Entering edit mode
9.6 years ago
jyu429
▴
120
Hi,
I want to modify the sequence names in my bam file. They're supposed to be for paired end, but the names don't have /1
and /2
so I can't use software like bedtools bam2fastq. Anyway, I'd like to add /1 to the end of the name if the flag in the second column is 99 or 83 and then /2 if its 163 or 147. For instance,
HSQ1008:141:D0CC8ACXX:3:2202:1520:59984 163 chr14 105899906 60 101M = 105900110 305 CCTTTCCAGGAAAGGGAGTAGCGAGGCTGCTCACTTAGAGCCACGCACCTGGGGCTGACAGTGTGCCTGGCAGTACCTGTGTGGAAAGACAGTTACAGAGG @C@DDFDDHHHHAHGBHG1AFHIGIJGIIGEIJIGIFE?BBGIIIIBHIEGHHHFFFEEEEEEDCCCCCDDCD?CACCDDDCBB@ACBC?CCDCCCACAC8 RG:Z:NA12877 XT:A:U NM:i:0 SM:i:37 AM:i:37 X0:i:1 X1:i:0 XM:i:0 XO:i:0 XG:i:0 MD:Z:101
should become
HSQ1008:141:D0CC8ACXX:3:2202:1520:59984/2 163 chr14 105899906 60 101M = 105900110 305 CCTTTCCAGGAAAGGGAGTAGCGAGGCTGCTCACTTAGAGCCACGCACCTGGGGCTGACAGTGTGCCTGGCAGTACCTGTGTGGAAAGACAGTTACAGAGG @C@DDFDDHHHHAHGBHG1AFHIGIJGIIGEIJIGIFE?BBGIIIIBHIEGHHHFFFEEEEEEDCCCCCDDCD?CACCDDDCBB@ACBC?CCDCCCACAC8 RG:Z:NA12877 XT:A:U NM:i:0 SM:i:37 AM:i:37 X0:i:1 X1:i:0 XM:i:0 XO:i:0 XG:i:0 MD:Z:101
How should I go about this? The bam file is also missing header information. Thanks!
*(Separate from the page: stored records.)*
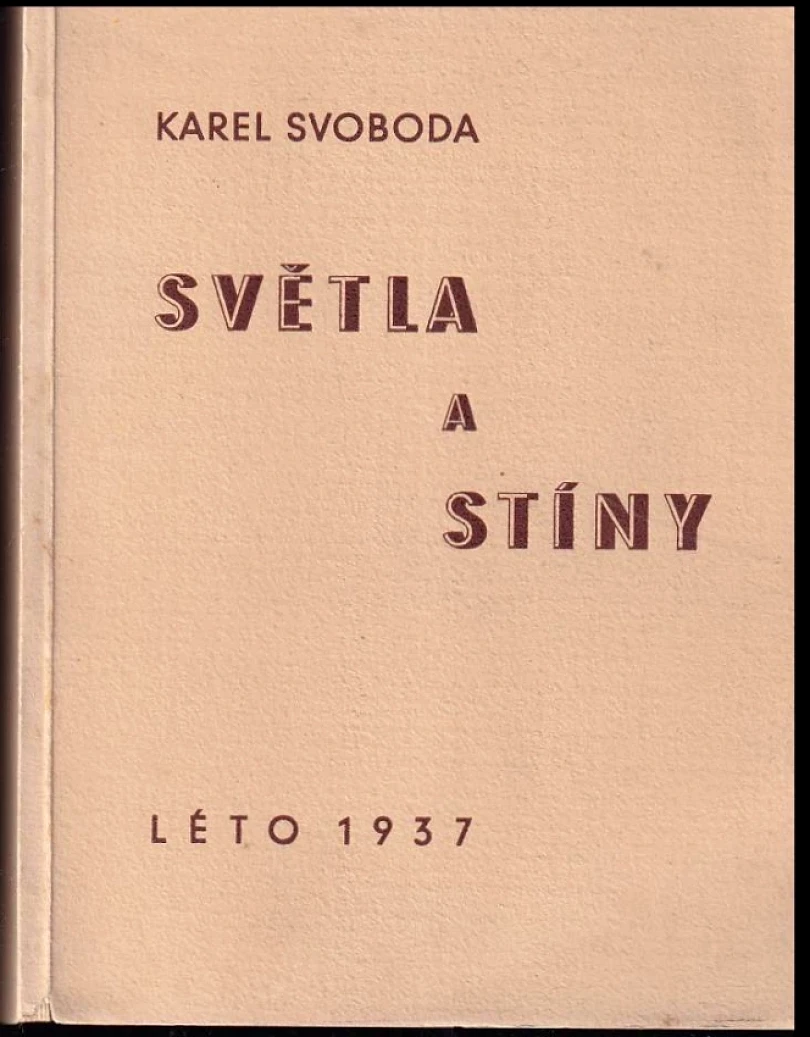 Levně Světla a stíny PODPIS KAREL SVOBODA (Karel Svoboda, 1937)
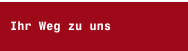 Ihr Weg zu uns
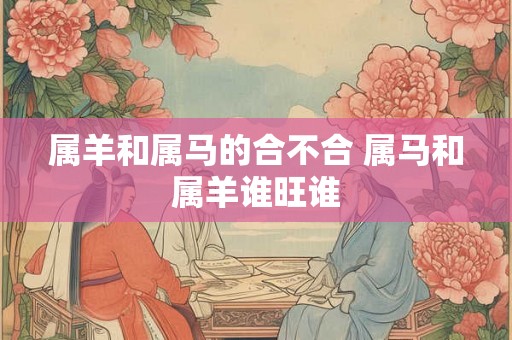 属羊和属马的合不合 属马和属羊谁旺谁 属羊和属马的合不合 属马和属羊谁旺谁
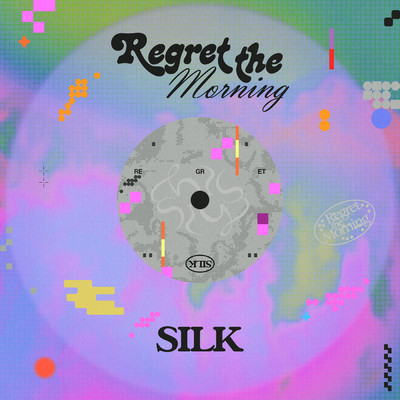 Regret The Morning/SILK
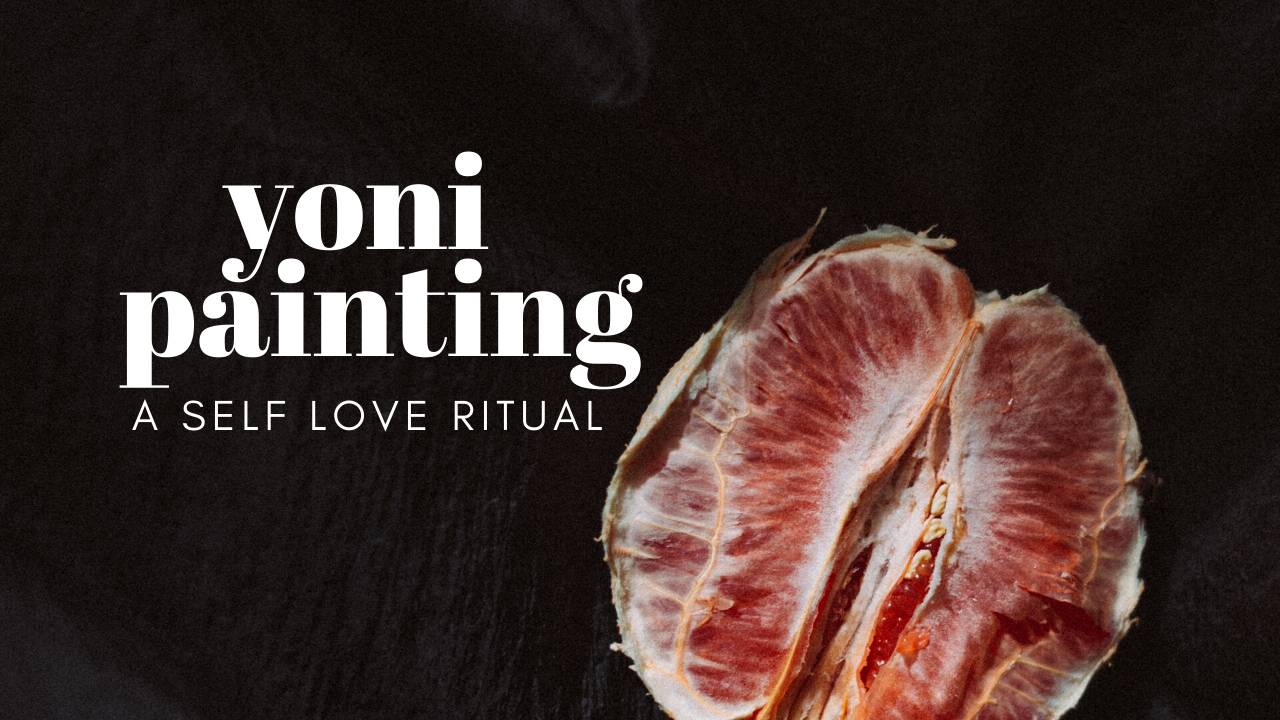 Yoni Painting A Self Love Ritual Online Short Course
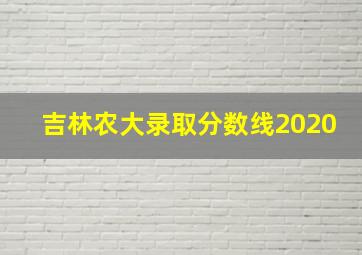 吉林农大录取分数线2020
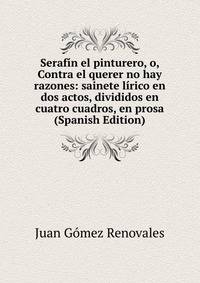 Serafin el pinturero, o, Contra el querer no hay razones: sainete lirico en dos actos, divididos en cuatro cuadros, en prosa (Spanish Edition)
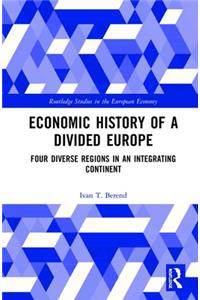 Economic History of a Divided Europe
I think you should be able to use Picard Sam2Fastq on this bam file and still able to get a pair of fastq files as output. You don't need to add
/1
or/2
in the bam file. The/1
and/2
tags are trimmed off from the paired-end reads before they are written in the bam file. However, this information can be deduced using the samtools bitwise flag (second column). As you mentioned that 99 and 83 will represent/1
reads. Sam2Fastq also uses the same logic to assign the_1
and_2
tags to the reads. You will have to make sure that you create a proper header for the bam file in case it is missing one. Read about the SAM format here https://samtools.github.io/hts-specs/SAMv1.pdfyou already asked a very similar question: Substitute first column based on second column
why would you need to to this ? what's your final aim ?
I'm just trying to convert a bam to a fastq file, but the paired reads have duplicate names rather than /1 and /2. I tried using Hydra bamtofastq and this seems to work, so my question is resolved. Thanks!
Hello jyu429!
It appears that your post has been cross-posted to another site: http://seqanswers.com/forums/showthread.php?t=58344
This is typically not recommended as it runs the risk of annoying people in both communities.
Ah, sorry. I wasn't sure how to delete it, but it won't happen again.